Wednesday, July 25, 2012

I Think It's About Forgiveness


“There are people in your life who’ve come and gone,
They let you down, you know they hurt your pride.
You better put it all behind you; life goes on
You keep carrying that anger; it’ll eat you up inside.”
Don Henley, “The Heart of the Matter
One of the hardest parts of life, I believe, is learning to forgive. But it is also one of the greatest gifts that you can give -- to yourself. 

There’s that friend from high school who turned out not to be the best friend you thought she was, who when it came down to it, was more interested in her own well-being than in yours. There’s your mother who didn’t treat you the way you thought you deserved to be treated, who didn’t give you the respect you thought you had coming to you, whether or not you had earned it. There’s the uncle-in-law who looked down his nose at you, as if you were poor white trash, who diminished you with his contempt. There’s the husband who decided he didn’t want to share his life with you anymore, and the son who blamed you for all the things that are wrong in his world. If you just hadn’t moved him around so much he would be a better person.

Lying in bed at night, letting these things simmer, keeping you from sleep, wishing you could have those moments back. Oh, the things you could say to all these people, now that you have had the time to think it over, formulate the great comeback, the tear-down, the thing that would make them see how wrong they are to have done the things they have done to you, or said about you, or assumed about you, or attributed to you.

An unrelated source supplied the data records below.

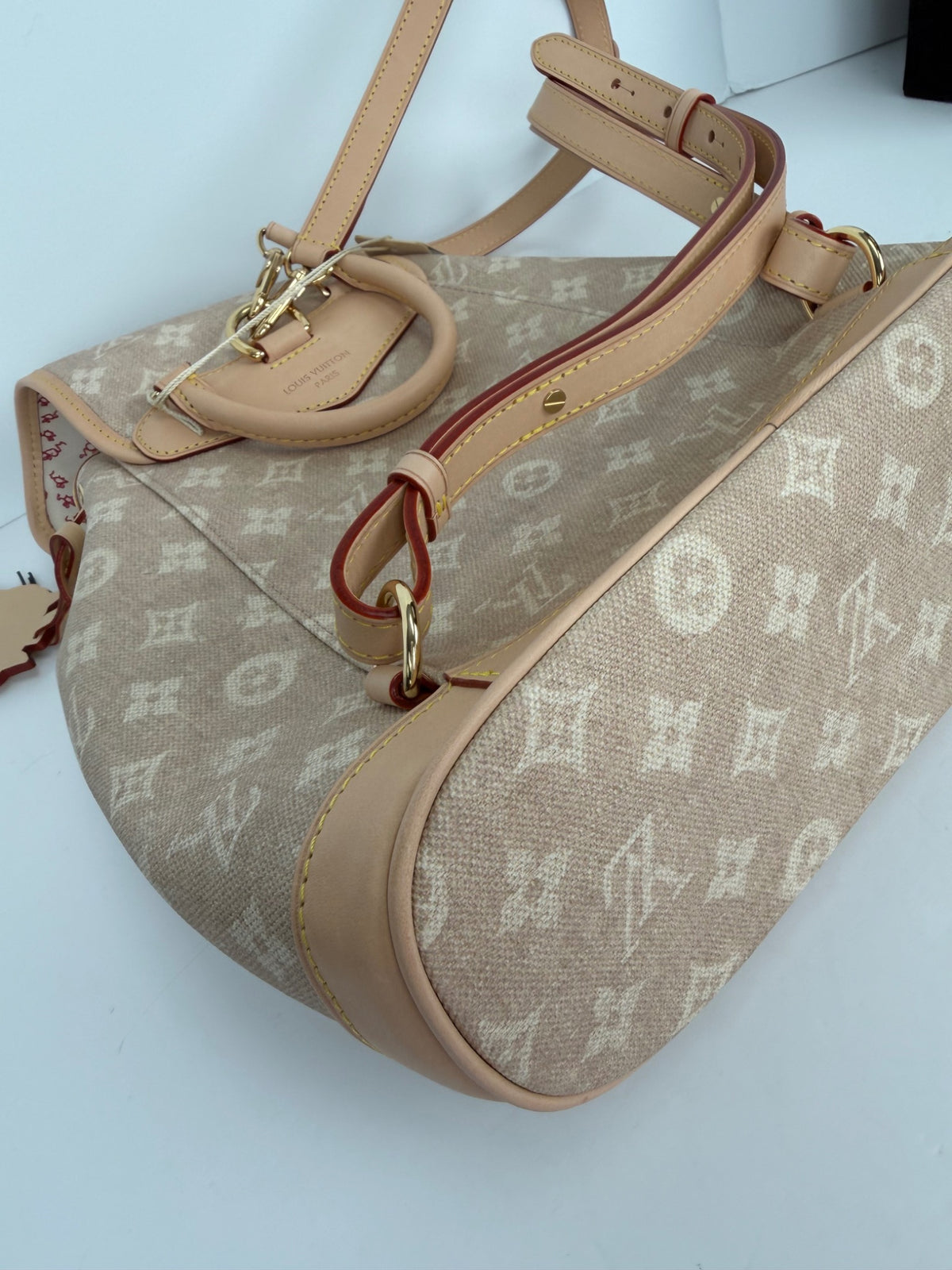 Louis Vuitton Grace Coddington Monogram Mini Lin Backpack with Cat Charm NFC YC8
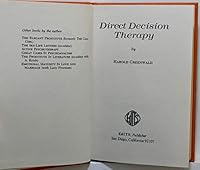 Direct decision therapy B0006C9M06 Book Cover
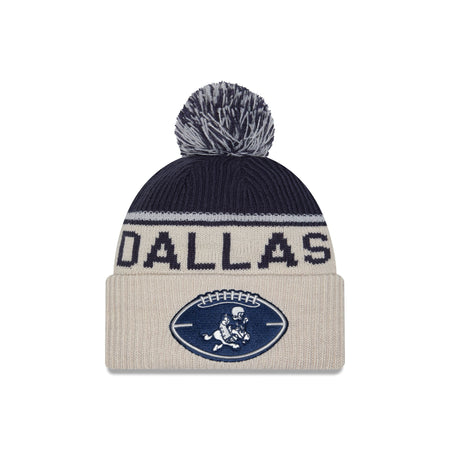 Dallas Cowboys 2024 Cold Weather Historic Pom Knit Hat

But then maybe there comes a time when you are able to take a step back, to look more deeply into the resentment, or just plain anger, that you feel, when you are able to see into another person, and realize that your mother wasn’t able to love you like you thought she should, that it just wasn’t in her to, that she did the best she could with what she had. Or you see that the friendship was only in your eyes not the other person’s, that it was your misconception of the relationship between you, and that people are fallible, often dishonest, and most of the time, self-serving. It’s easier for most people to shift blame away from themselves, but shifting that blame sometimes leaves a nasty void.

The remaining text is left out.